Headlines are constantly filled with reports of celebrities being accused of a variety of crimes, some resulting in a harmless ticket, others a form of horrendous abuse. One of the most recent examples of the latter is 19-year old rapper XXXTentacion, real name Jahseh Onfroy.

Onfroy, who released his debut album “17” on Aug. 25, was charged last October with aggravated battery of a pregnant woman, domestic battery by strangulation, false imprisonment, and witness tampering. Onfroy has pled “not guilty” to all four charges. The trial is set to begin on Oct. 5 and has sparked an Internet debate on whether it is morally acceptable to support artists involved in these types of exploits, even if you like their music.

It’s a minefield of a topic. On one hand, there is the argument that the person behind the music doesn’t really matter. The other side of the argument is that the artist is inseparable from the art they produce. I tend to agree with the latter.

When listening to the music of XXXTentacion now, I can’t help but feel a sinister air around it. Songs I once enjoyed, I can’t tolerate now. Onfrey has expressed in the past that if you’re a fan of his, you should follow him no matter what he’s done. The idea that you are required to support an artist through thick and thin is strange because, in reality, fans are consumers. Would you support a local business if the owner had done the same things he has been accused of?
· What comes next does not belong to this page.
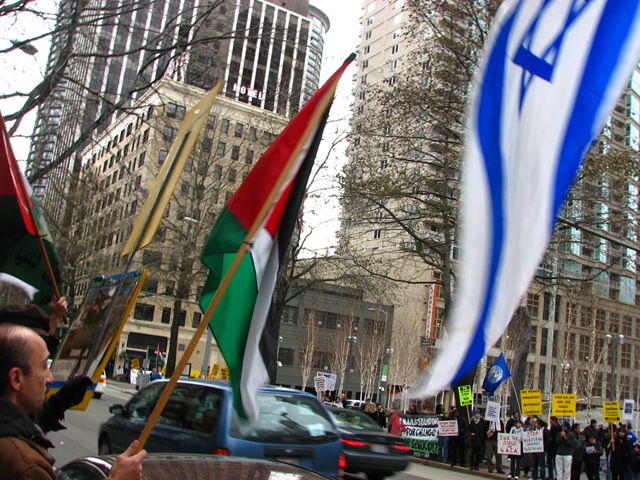 [Anti-Israel Protest Week3 180[2].jpg]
While it’s important for an artist to express themselves how they see fit in their art, we as consumers reserve the right to punish horrible behavior.

In the end, accusations against Onfrey may be proven false. If he is found guilty, though, we should not passively condone his actions by continuing to support his music. That goes for any artist you feel morally crosses the line. In our society, one of the most powerful things you can do to make your dissatisfaction known is to vote with your wallet.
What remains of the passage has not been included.